Board members and managers frequently ask my firm whether their Association can hire a handyman to complete projects or repairs within their Association. My response is generally yes, but there are a number of considerations that I advise the Board to first contemplate.
First, the Board should review the situation to determine whether the work should be done by a licensed contractor or by a handyman. The Arizona Registrar of Contractors states that “[a]ny business which contracts or offers to contract to build, alter, repair, add to, subtract from, improve, move, wreck or demolish any building, highway, road, railroad, excavation or other structure, development or improvement, or to do any part of the work must be a licensed contractor. Also included in work requiring a license is the erection of scaffolding, connections to utility service lines, metering devices and sewer lines, mechanical or structural service to a structure or improvement and any other work in connection with the project.” This is a broad definition that most contractors likely fall within. However, A.R.S. §32-1121 does list certain persons that are not required to be licensed in Arizona. One of the exemptions is known as the Handyman Exemption.
The Handyman Exemption essentially allows persons who install or attach products or materials where the value of the contract, including all of the labor and materials, is less than $1,000 to do the work without a license. The full description of the Handyman Exemption can be found at A.R.S. §32-1121(A)(4).
While a handyman may seem like an easier hire for small projects within the Association, hiring a handyman can be troublesome when it comes to the issue of workers’ compensation insurance. Therefore, when determining who to hire for a specific project, the Board also needs to consider whether the Association has adequate insurance coverage.
Most Boards do not think the Association has employees and therefore they wonder how and why their Association would ever need workers’ compensation insurance. This is a very logical question because most all Board members provide their services to the Association on a volunteer basis and are not considered employees of the Association. Further, while your Association may hire a professional management company to help manage the Association’s financials and other affairs, the professional management company may take care of hiring the Association’s contractors and vendors. While all of these things may be true for your Association, your Association may still need workers’ compensation insurance.

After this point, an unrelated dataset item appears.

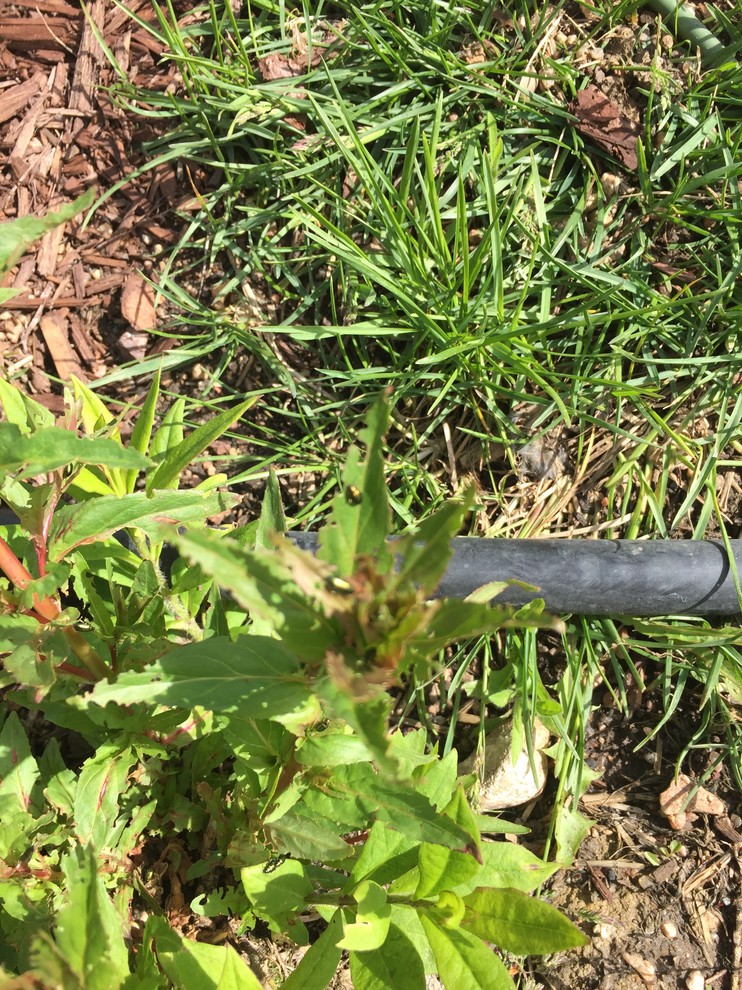What's eating my phlox?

The Board should review the Association’s insurance provisions in the CC&Rs. Some CC&Rs require that the Association have workers’ compensation insurance. If this is the case, the Board has an obligation to attain the necessary workers’ compensation insurance pursuant to the CC&Rs. Further, the Board should talk to the Association’s insurance agent about obtaining the needed or recommended insurance, depending on who the Association hires to do work within the community.
If the Board decides to hire a licensed, bonded and insured contractor to complete repairs and work within the Association, there may still be situations that arise whereby it would be beneficial for the Association to have workers’ compensation insurance. For instance, most times the Association or its manager asks for proof of insurance and licensing up front. If during the course of a project, the contractor’s insurance or license expires, the Association may not be made aware of the expiration. If during that time, the contractor or his/her employees gets hurt on the job, it would be beneficial for the Association to have workers’ compensation insurance in that scenario.
If the Board decides to hire a handyman to do work within the Association, it is crucial that the Board determine whether or not the Association has the adequate insurance coverage, including workers’ compensation. In Arizona, in the context of worker’s compensation insurance, Courts typically use the “right to control test” to determine whether an individual should be considered an “employee” or “independent contractor”. [1] Courts look at a number of factors to make this determination, including: 1) the extent of control that the employer may exercise in the details of the work; 2) whether the one employed is engaged in a distinct occupation or business; 3) the skill required in the particular occupation; 4) the kind of occupation and whether the work is done under the direction of an employer or without supervision; 5) the length of employment; 6) who supplies the tools and place of work; 7) whether the work is part of the regular business of the employer.[2]
When the Association hires a handyman, the Association likely will pay the handyman by the job or by the hour; may supply the tools and place of work; and may control the details of the work or how the work is completed. The factors may weigh more in favor of the handyman being categorized as an “employee” and therefore, if the handyman was injured on the job, the Association could be held responsible for the injuries. It is important to note that each hire should be looked at on a case by case basis because of the various factors that courts consider. However, when in doubt I would highly advise that the Board discuss situation with the Association’s insurance agent and/or attorney.
[1] Ringling Bros. v. Superior Ct. of Pima County, 680 P.2d 174, 140 Ariz. 38 (Ct. App. 1983).
[2] Fry v. Industrial Commission, 546 P.2d 1149, 26 Ariz. App. 140 (Ct. App. 1976).